Quand on est pauvre à Mayotte, on dit toujours que «tous les moyens sont bons». Mais désormais, c’est vrai aussi pour ceux qui en veulent davantage. Parce que dans ce conflit, pour les grévistes, «tous les moyens étaient bons».
Le monopole est une faiblesse
Ils ont su utiliser avec beaucoup d’habileté et d’efficacité de nombreuses faiblesses de notre département. Tout d’abord, le conflit a eu lieu dans une entreprise qui est seule sur son marché. Elle n’a pas de prix à tenir face à une concurrence, elle peut laisser filer ses coûts… à condition que le consommateur paye. Cette société en situation de monopole ne peut également pas tenir trop longtemps face à une paralysie engendrée par une grève, car pas de concurrence, cela signifie aussi une absence de services ou de produits pour les clients en cas d’arrêt de l’activité. Les entreprises de Mayotte, peu nombreuses dans chacun de leur marché, sont des cibles faciles pour des revendications sociales, qu’elles soient justifiées ou non.

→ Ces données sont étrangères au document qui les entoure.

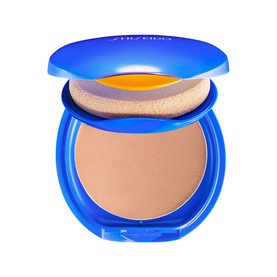 Shiseido UV Protective Compact Foundation SPF30 in blue compact case, open to reveal tan powder and applicator sponge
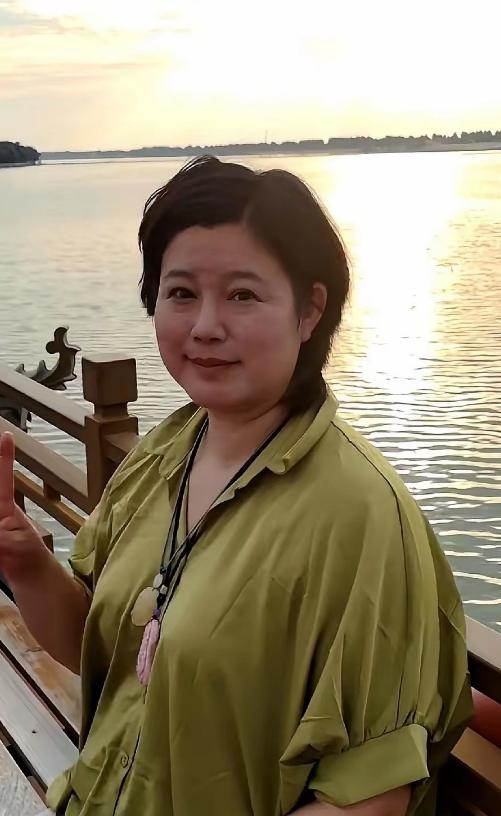 要是没人提醒，打死我也不敢信。眼前这个挤着眼睛、双下巴若隐若现的短发大姐，竟然是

L’autre faiblesse mahoraise est le dialogue social. C’est vrai que discuter de salaires et de protection des salariés dans une entreprise, face à un patron, ce n’est pas toujours chose facile. Longtemps, les entreprises de Mayotte passaient du calme social le plus total, au conflit le plus rude, sans demi-mesure. Certes, les choses ont changé. La DIECCTE a mis en place des formations, car le dialogue social, c’est un vocabulaire et un savoir-faire qui s’apprend.
Faire fi des NAO
L’arrivée des NAO (négociations annuelles obligatoires) a aussi permis aux salariés, aux syndicats et aux entrepreneurs d’apprendre à construire ensemble une forme de bien-vivre dans des entreprises, pour l’intérêt bien compris de chacun. Les règles sont fixées : chaque année, des discussions permettent de poser l’organisation de l’entreprise sur la table et de trancher des positions que direction et syndicats doivent tenir durant l’année qui suit.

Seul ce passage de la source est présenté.